Each number is an id card. For example, the best card to pick is “Giant Squid” and the worse one is “Grow Wings”.

For the search, since the high branching factor and the depth of the game, I ended up with a greedy selection of move. It based on a minimax at depth 2 with alpha pruning. This latter explores all the combinations of 3 AI actions, then all the combinations of 3 opponent actions. The resulting move is the first action from the best combinations of AI actions under the best enemy ones. It updates the local environment with this move, and then repeating the minimax algorithm until the end of turn.
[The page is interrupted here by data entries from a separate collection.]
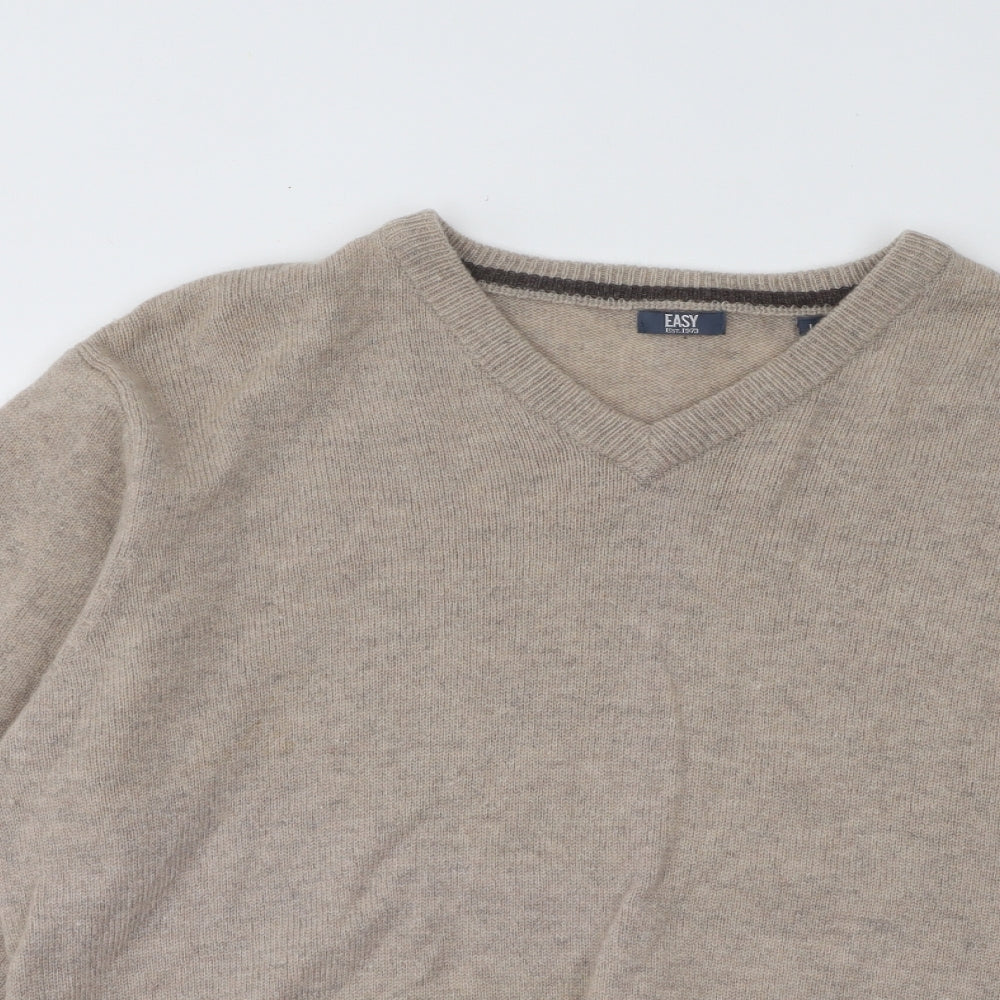Easy Mens Beige V-Neck Acrylic Pullover Jumper Size L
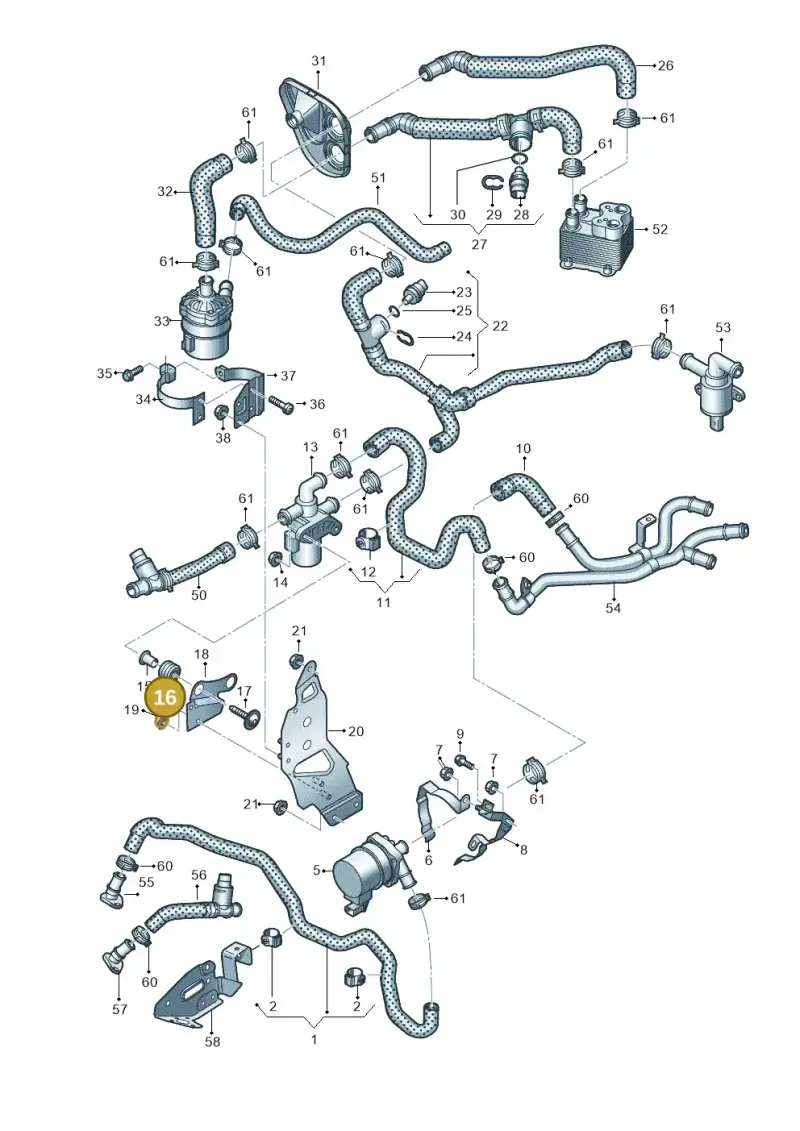 4D0614177A — Audi Q7 qu. 3.0 TDI (2015-2019) diagram 859121160, position 16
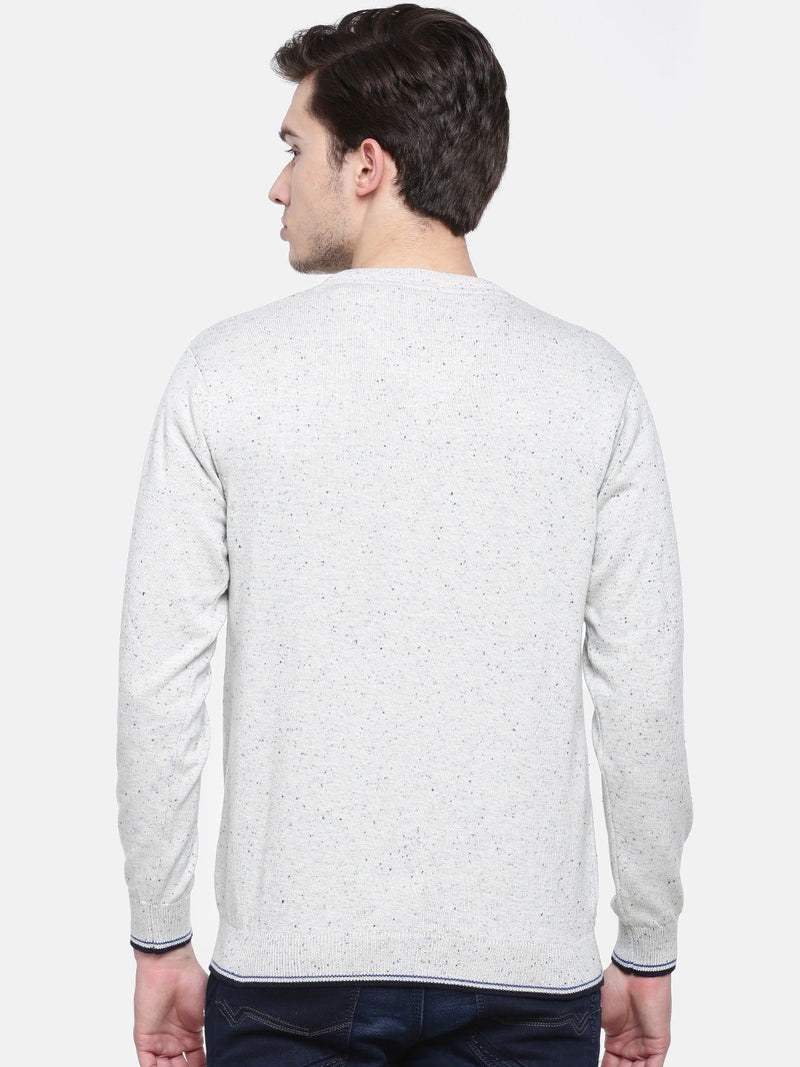 T-Base Men Off-White Solid Sweater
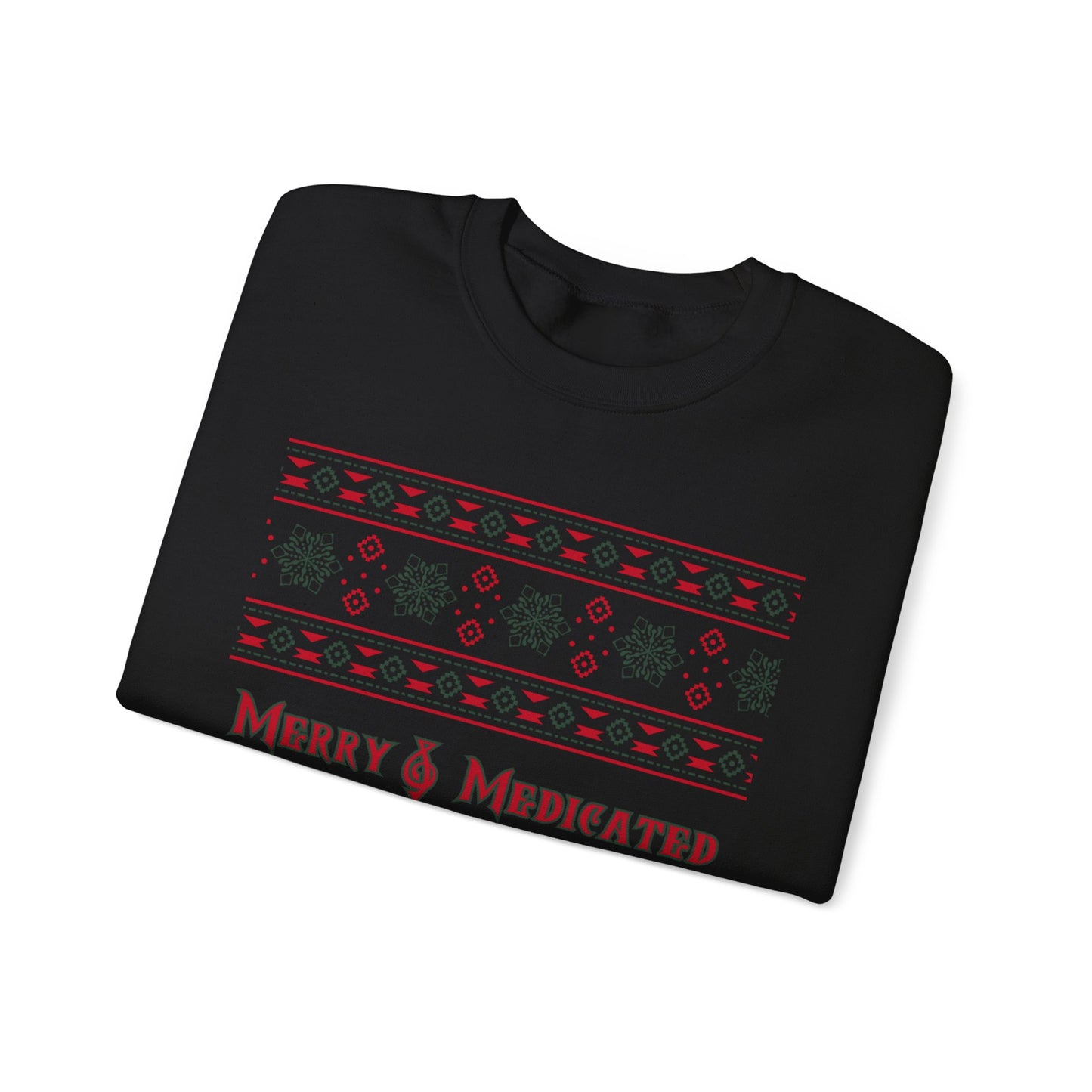 Merry & Medicated Unisex Crewneck Sweatshirt - Cozy Holiday Comfort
This seems to be a very awkward and not efficient algorithm since we are calculating the same states multiple times between two minimaxes. However, in practice, based on experiments, it is better compared to a flat Monte-Carlo with random selection. The main reason behind this is the speed of the forward model and the number of possible combinations. Given the limited amount of time of 100 ms, we can evaluate only a little fraction of combinations. Using the greedy selection minimax, we ensure that the sequence of actions are coherent and give us the best board state at least for every action triplets.

### Evaluation

The evaluation of the board uses handcrafted features and the weights were tuned using random search of self-play (thanks to cg-brutaltester). The following features were used:

• For each cards on the board:
• card.defense
• card.attack
• card.ward
• card.lethal
• card.guard
• card.passed
• player.cardsToDraw
• player.hp

Because of the randomness of the game, to compare if one set of weights is better than another, more than 1000 games are required to decide.

This solution is far from being perfect, there are lots of points that can be improved.